Leave out the pictures and restate exactly, and only, the lines from the one that contains "Hyundai Elantra — фото 2" through the final line of the material below.

####################

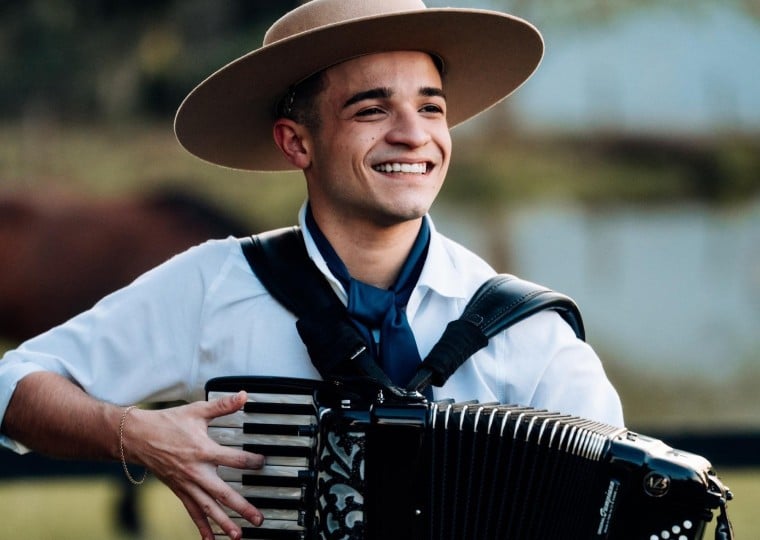 Campeão de reality show musical, Thomas Machado interpreta clássicos no show Noite Gaúcha. 
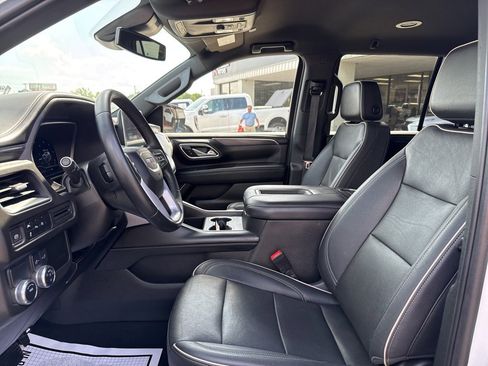 Used 2023 GMC Yukon SLT image 19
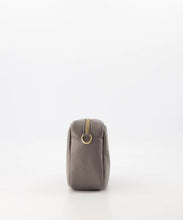 Afbeelding in Gallery-weergave laden, Grijze Tas, Irene Classic Grain is vervaardigd uit hoogwaardig Italiaans echt leer. Deze lederen schoudertas is ook als crossbodytas te dragen, tas wordt met een afneembaar en verstelbaar hengsel geleverd. De Irene schoudertas is verkrijgbaar in verschillende kleuren: Grijs, Bordeaux. Afmeting tas is 21cmx15cmx8cm.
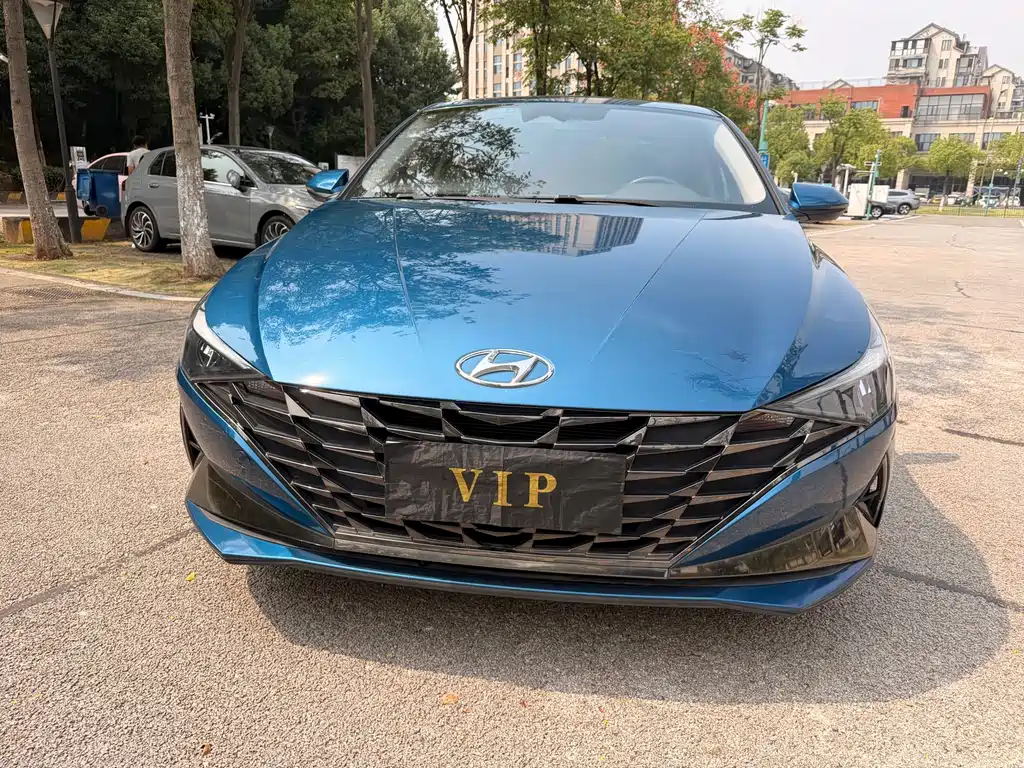 Hyundai Elantra — фото 2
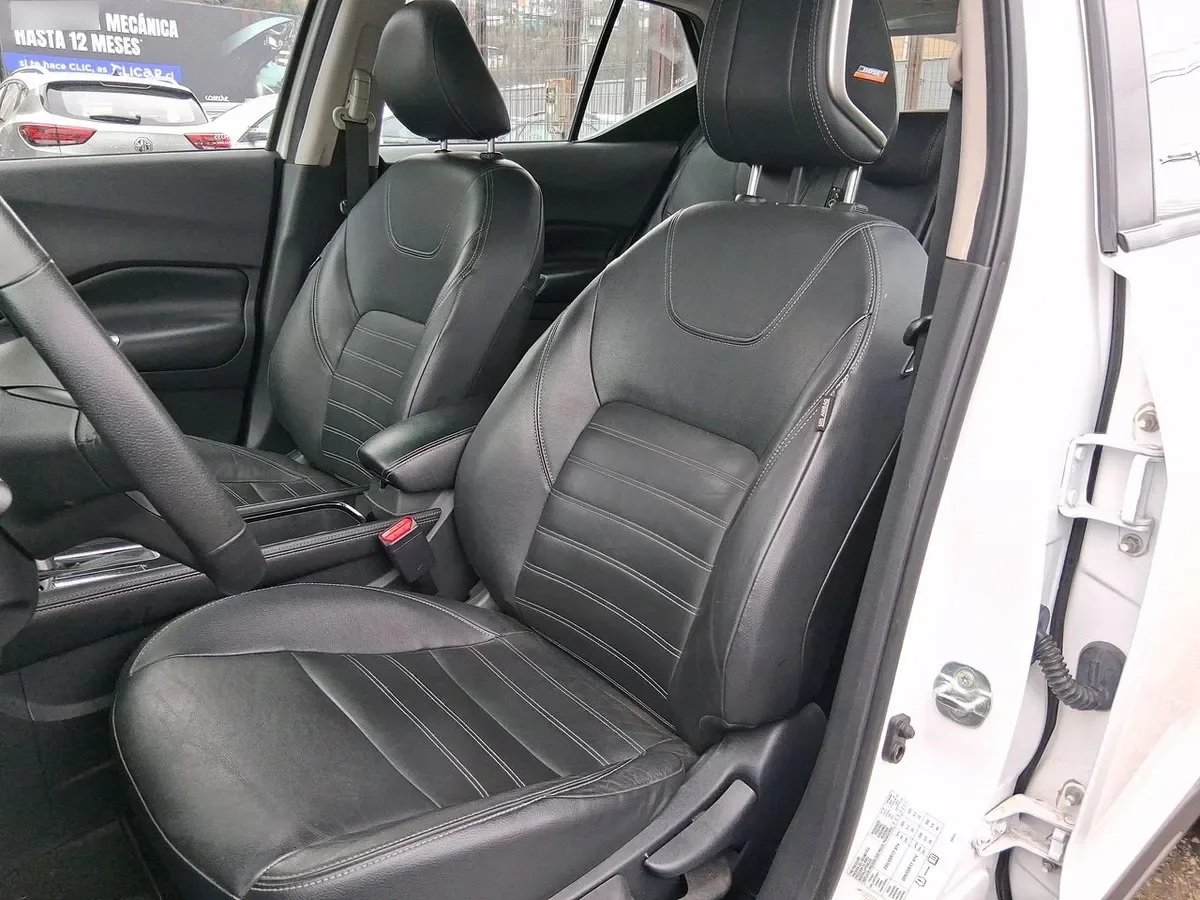Nissan Kicks 1.6 Exclusive 4x2 Cvt At 5p año 2023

####################

Result below:
 Hyundai Elantra — фото 2
Nissan Kicks 1.6 Exclusive 4x2 Cvt At 5p año 2023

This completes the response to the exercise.